# Bob sikes shark



## DieselShark (Aug 6, 2010)

Been going out to sikes for the past 2 weeks... Been hanging into shark, But they just didnt take the whole bait... Just run and then let go. Myself and an older gentleman have seen kings jumping and what not. which I was amazed in a way. Caught a few spanish out there when the sun came up...had a huge one on but it cut my line.

I find using skipjack and chunks of lady fish best for shark... more so the lady fish because its bloodier...

going out to fort pickens tonight, anything I should know ???


----------



## PAWGhunter (Feb 3, 2010)

Forgive me if this is a dumbass question, but where is Bob Sikes anyways? Is that 3 Mile? Thx


----------



## DieselShark (Aug 6, 2010)

PAWGhunter said:


> Forgive me if this is a dumbass question, but where is Bob Sikes anyways? Is that 3 Mile? Thx


 
do you know where you go over the bridge to get onto the beach ? where you pay the tole... ancd they built that new place called the grand marlin?

if your going over the tole bridge to get on the beach, it is to your left... 

it is the bridge after the 3 mile bridge...

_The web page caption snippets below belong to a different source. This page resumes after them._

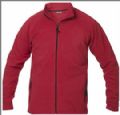 Herre fleece cardigan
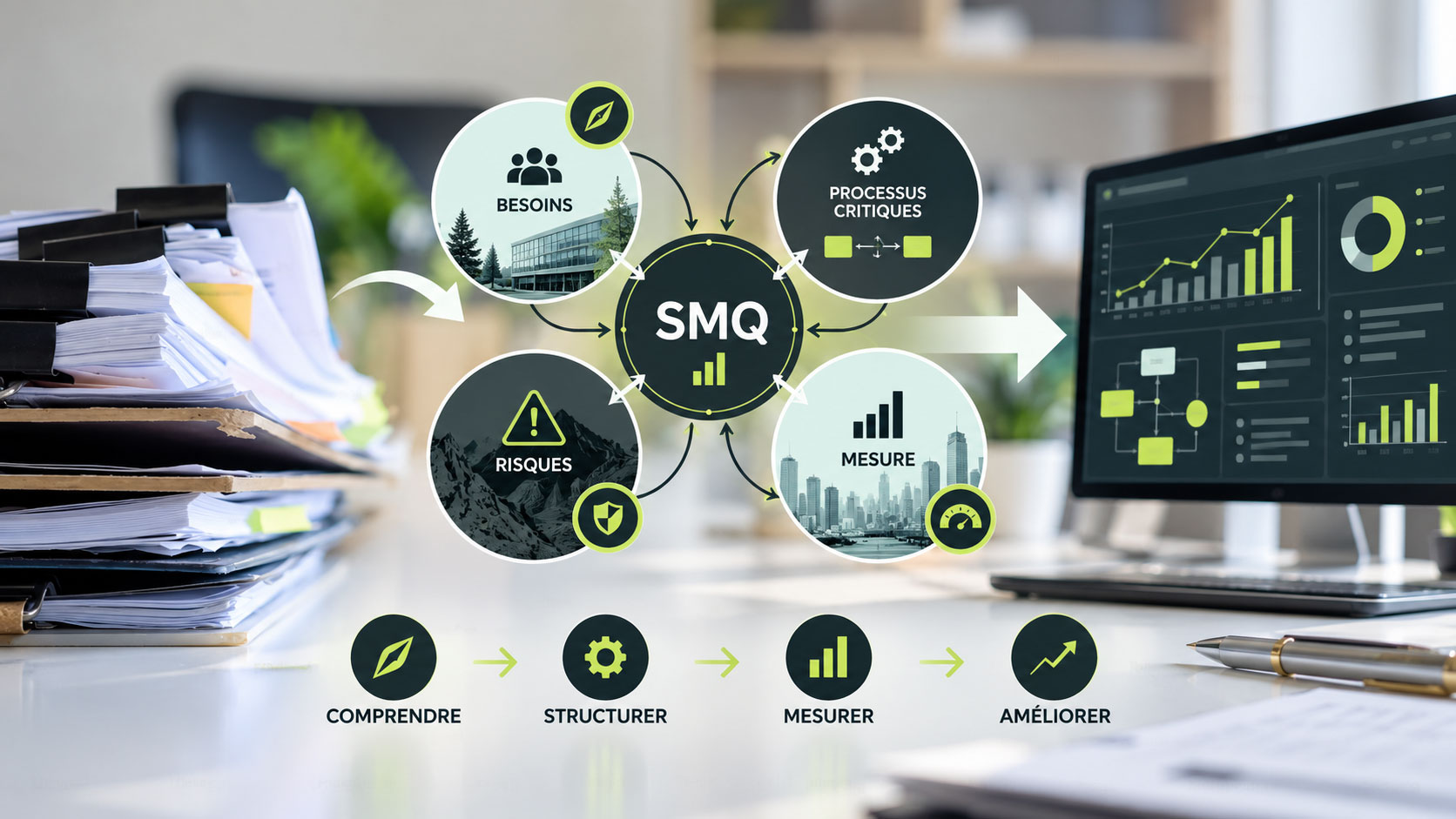 Mettre en Place un Système de Management de la Qualité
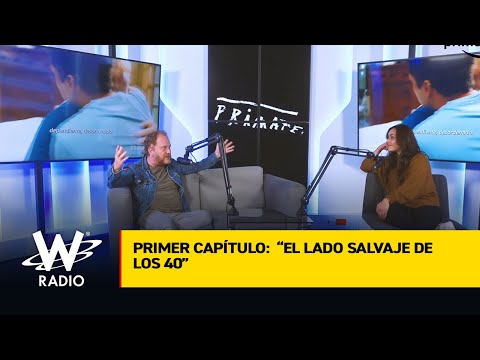 En el videopodcast de Primate, descubrimos el lado salvaje de los 40 #AliadosW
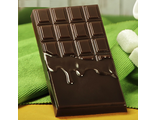 Форма для шоколада 7×15×1 см "Шоколад горячий"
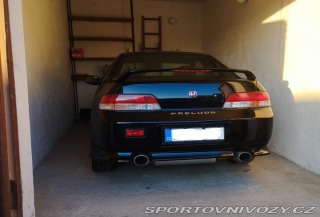 Honda Prelude 5G 2.2 VTi 1997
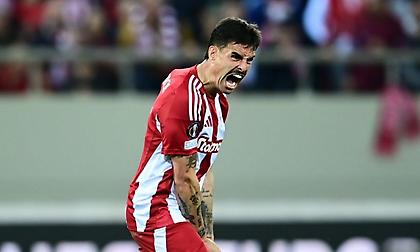 Νικολακόπουλος: «Ανανέωσε ο Ντάνι Γκαρθία στον Ολυμπιακό»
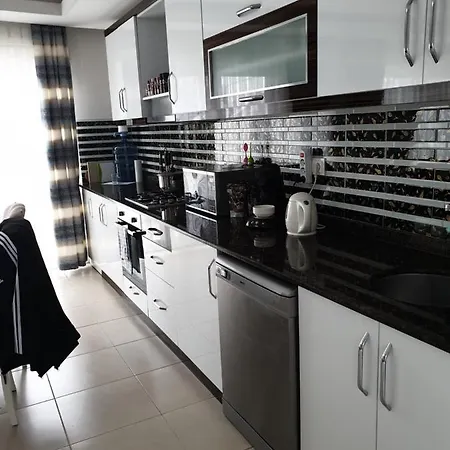 Penthouse Apartment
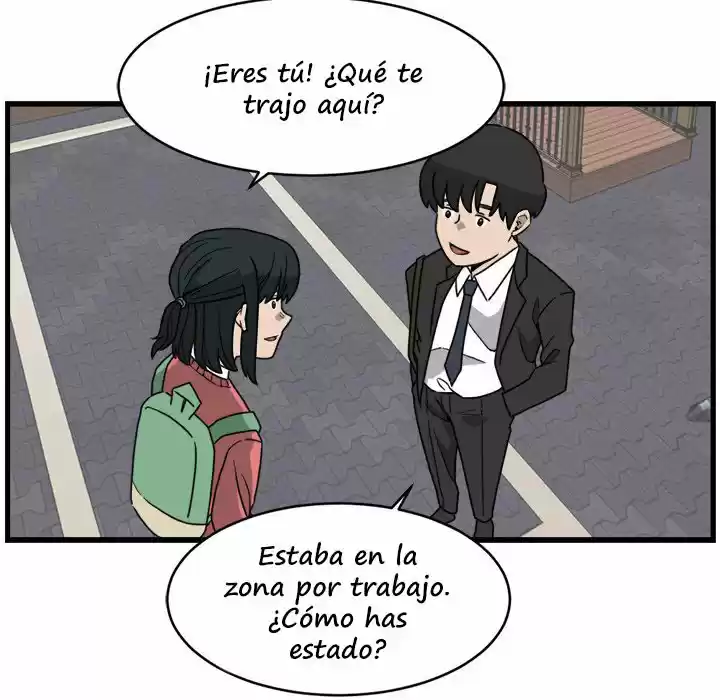 Let Me Hold Your Hands - Capítulo 6 - Página 20 - LectorTMOo
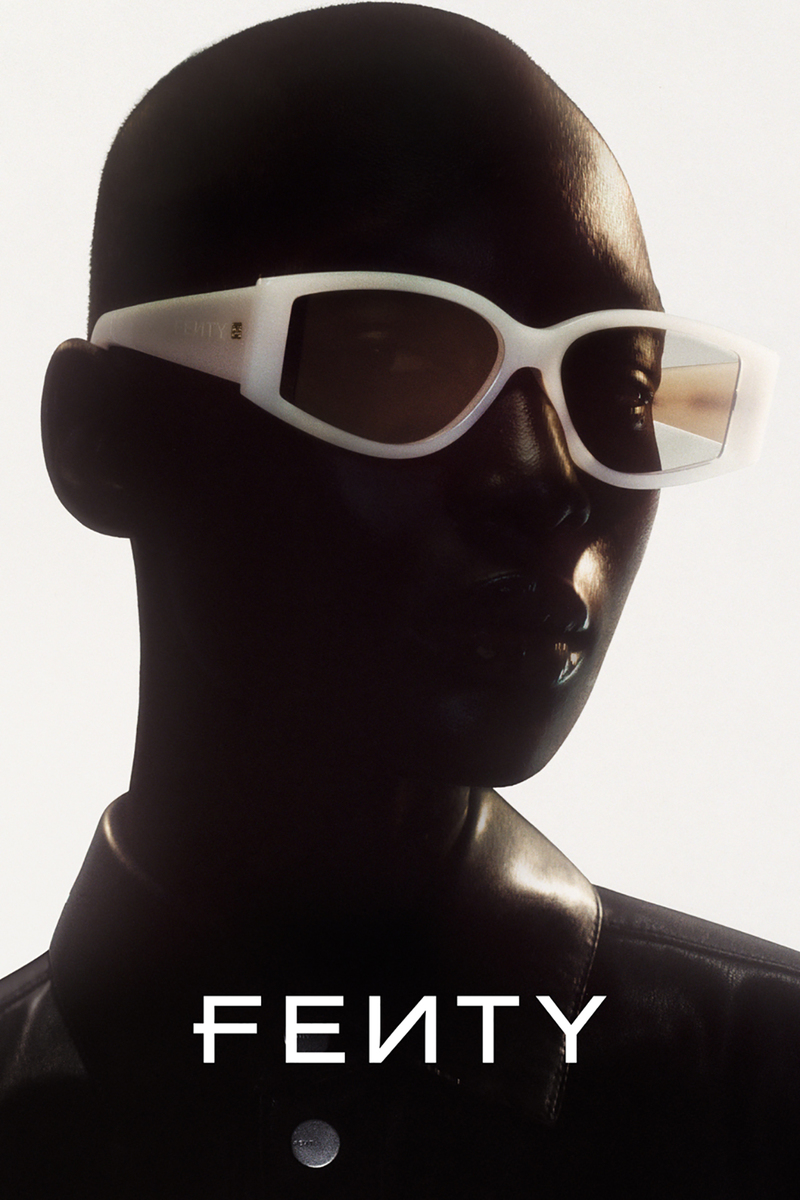 First Look At FENTY’s “RELEASE 5-20” Eyewear Capsule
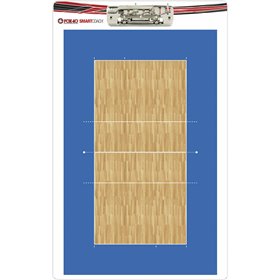Fox Πίνακας Τακτικής VolleyΚωδικός: 69200700  Fox Πίνακας Τακτικής VolleyΚωδικός: 69200700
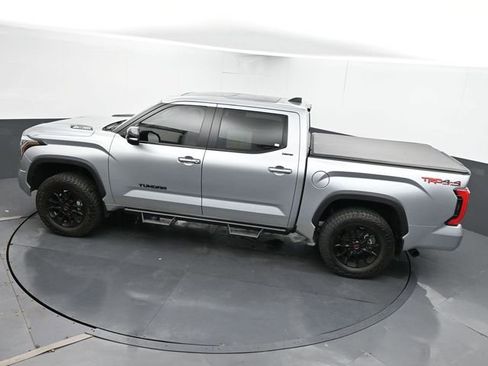 Used 2024 Toyota Tundra Limited w/ TRD Off-Road Package image 44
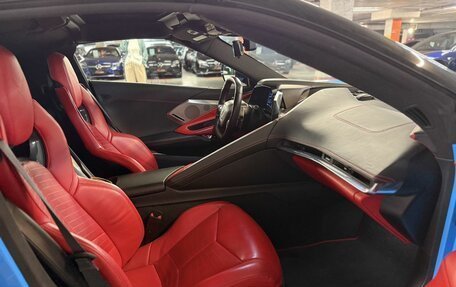 Chevrolet Corvette C8, 2020 год, 11 500 000 рублей, 31 фотография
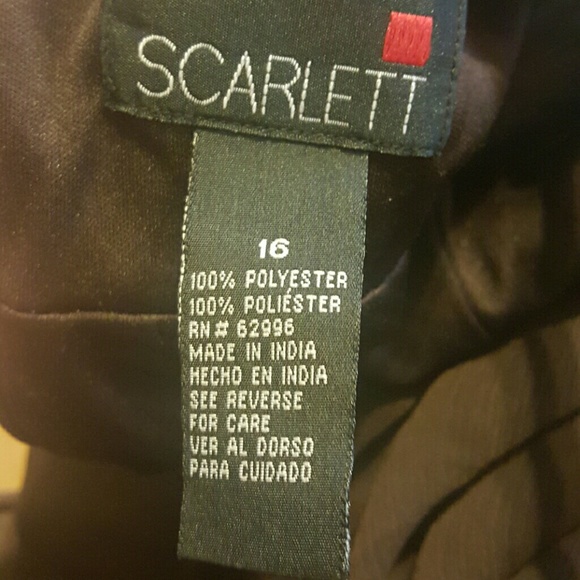 Brown Dress - Picture 3 of 3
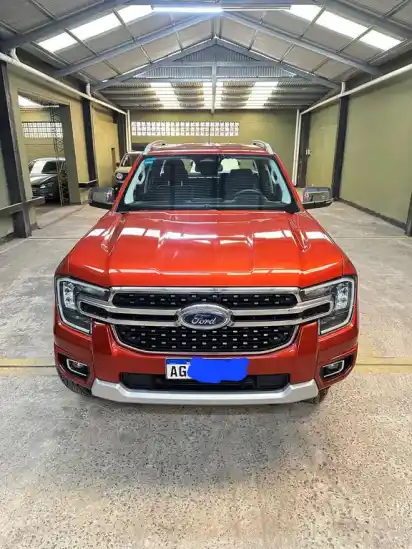 Ford Ranger Limited Bit 2.0L Dsl 4X4 Aut  2023 - foto 5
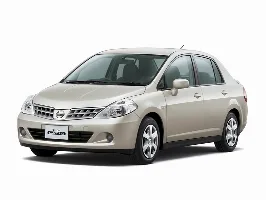 Nissan Tiida Latio Поколение 1, 1-й рестайлинг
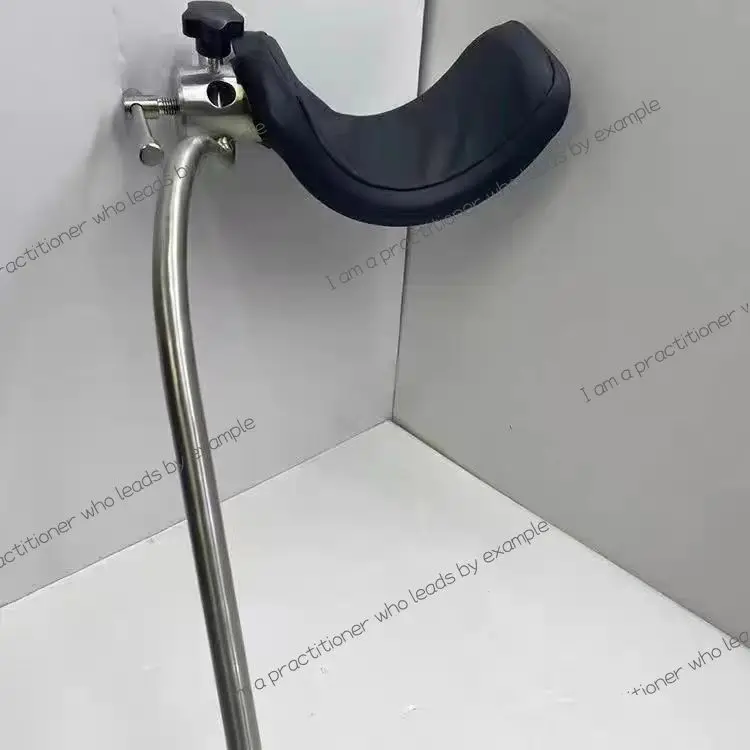 Bed accessories, knee brackets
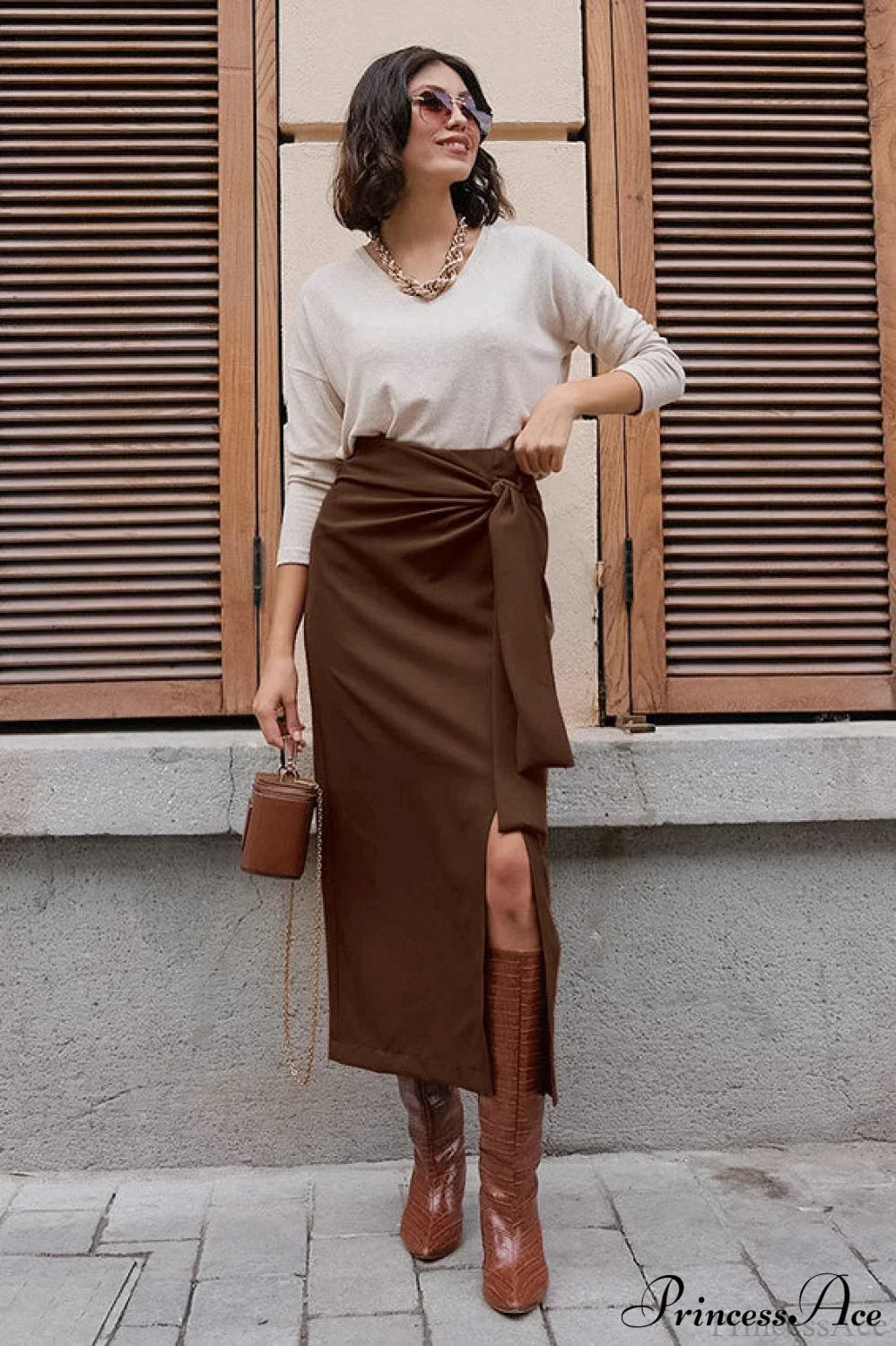 Timeless Vintage Style Garment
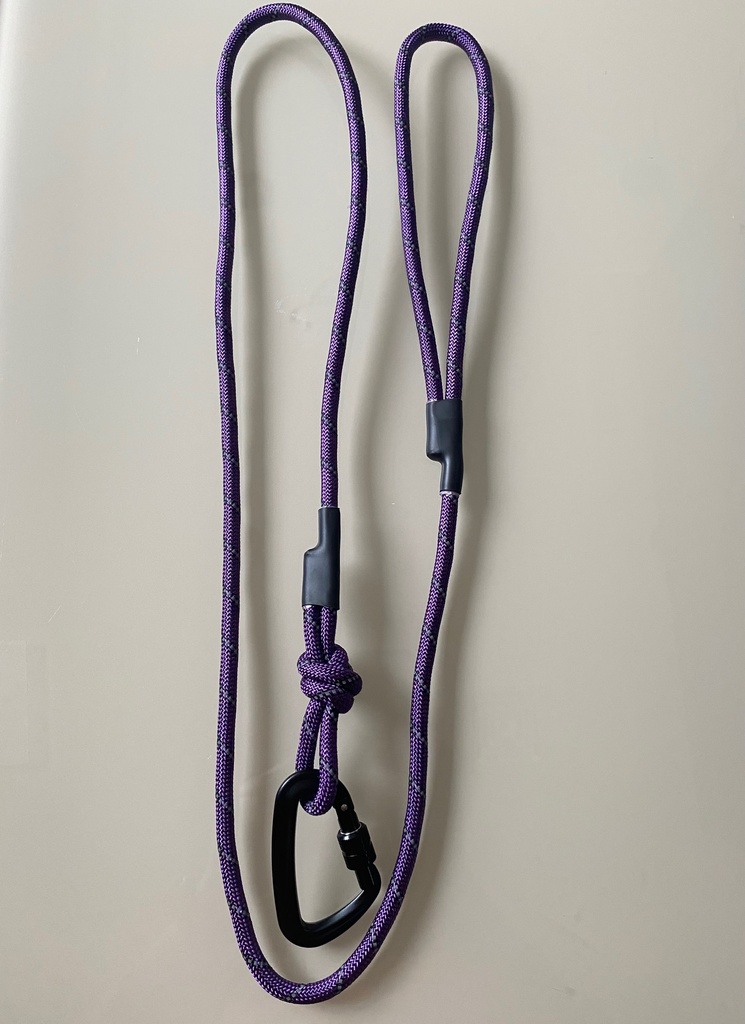Οδηγός με κορδόνι ιμάντα Carabiner ΜΩΒ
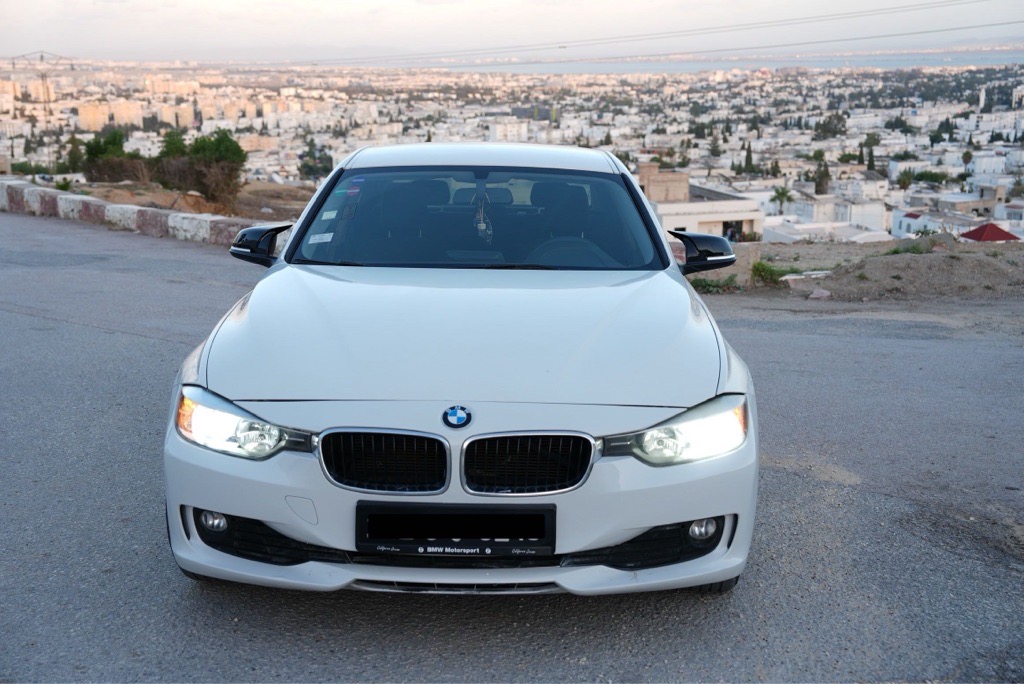BMW Série 3 F30 316i 🔥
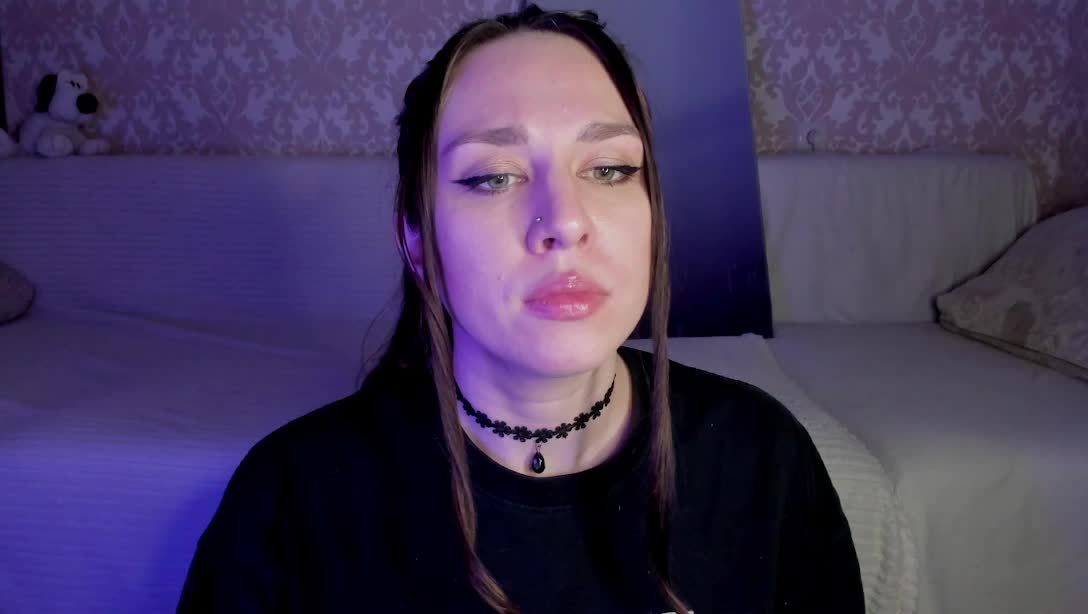 FoxyAlisa Cam Model Chat October 10, 2025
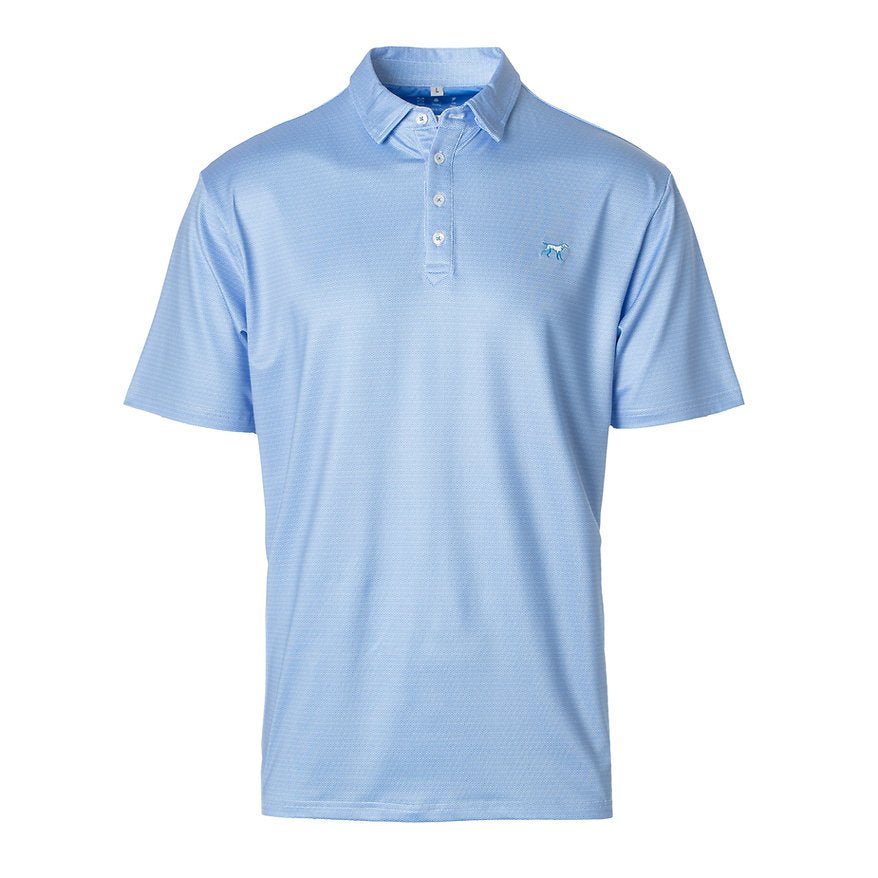 Fieldstone Diamond Polo Blue - Abbies Place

hope that helped a little...


----------



## Fiver (Nov 6, 2008)

PAWGhunter said:


> Forgive me if this is a dumbass question, but where is Bob Sikes anyways? Is that 3 Mile? Thx


Bob Sykes connects Gulf Breeze to Pensacola Beach.


----------



## BWNN (Nov 17, 2009)

DieselShark...welcome to the madness! Fi.....welcome for clearing up the directions. I got confused!


----------



## PAWGhunter (Feb 3, 2010)

thx guys. Just recently started fishing FL. Mostly Navarre.


----------